**Task to complete**
Everything from the line that contains "Silicone Derriere Plug" through the last line below should be transcribed exactly, except the pictures.

**Data provided**
□ □ □ □

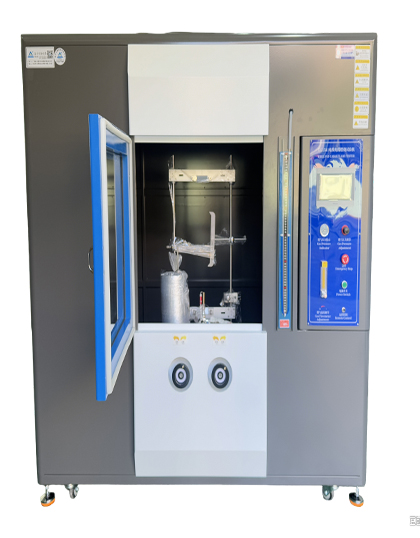 電線電纜燃燒試驗機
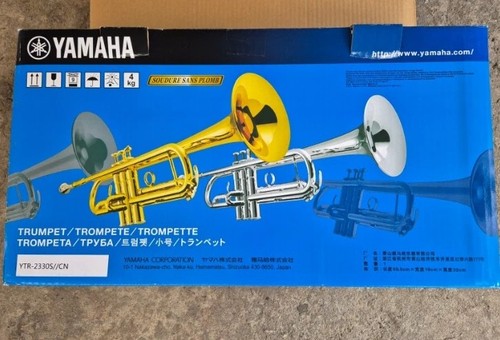 Tromba yamaha student - tromba, model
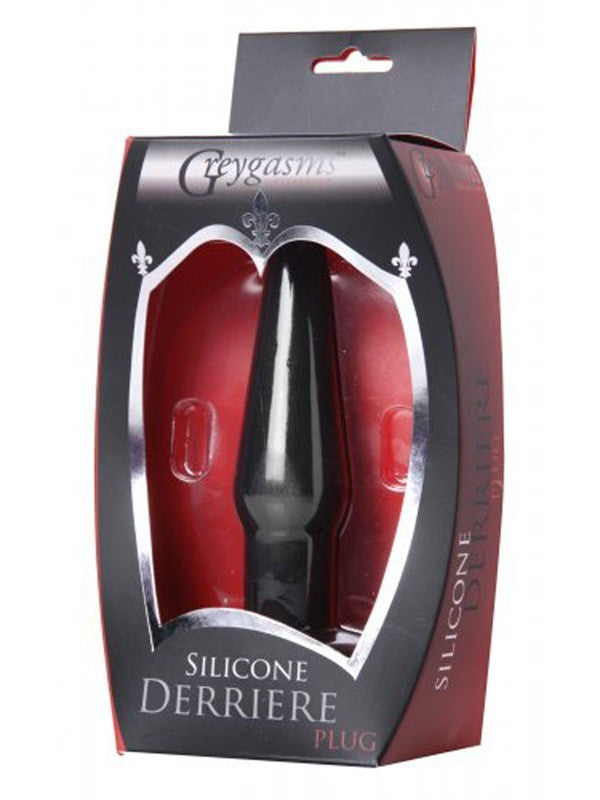 Silicone Derriere Plug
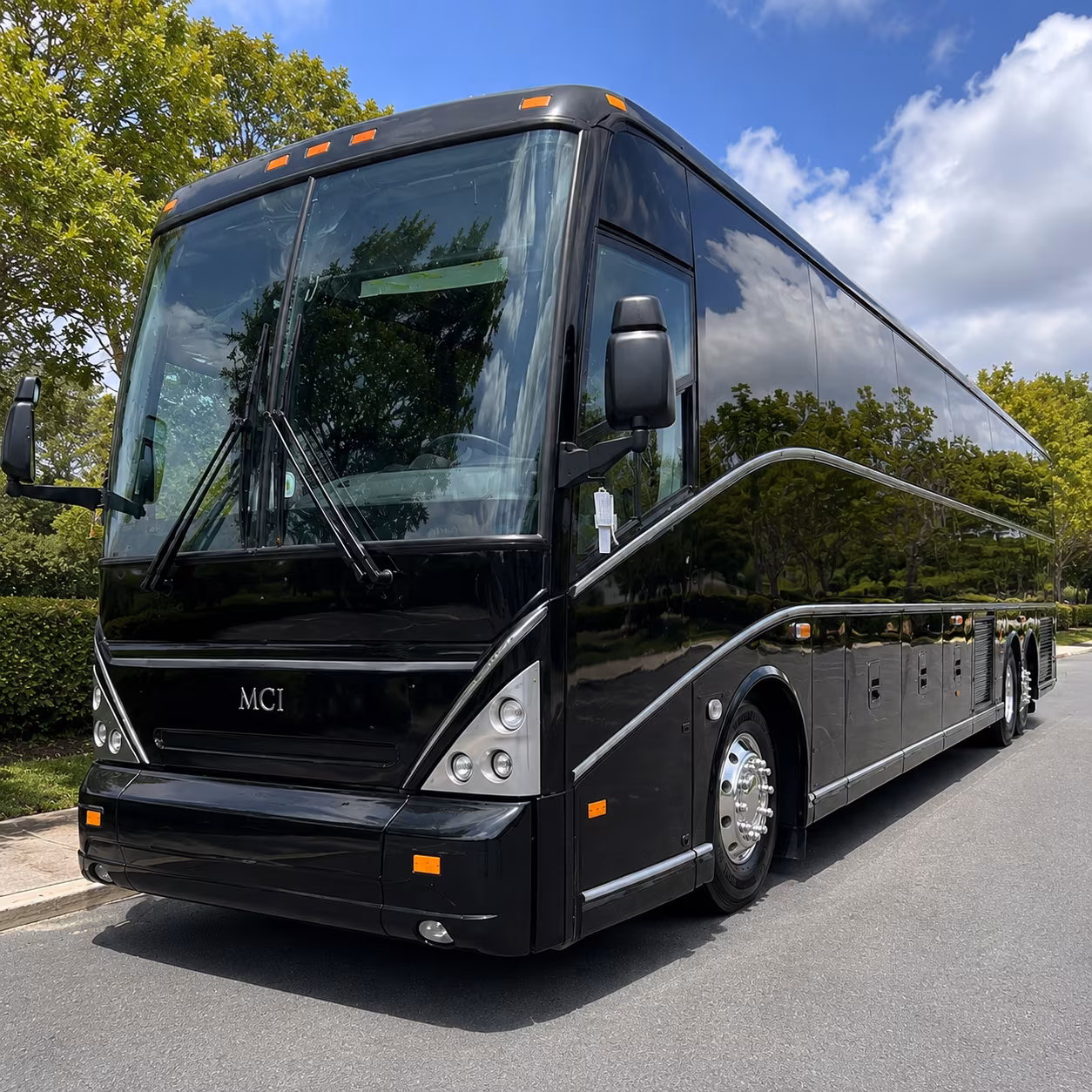 san mateo corporate transportation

□ □ □ □

**Answer space**
 Silicone Derriere Plug
 san mateo corporate transportation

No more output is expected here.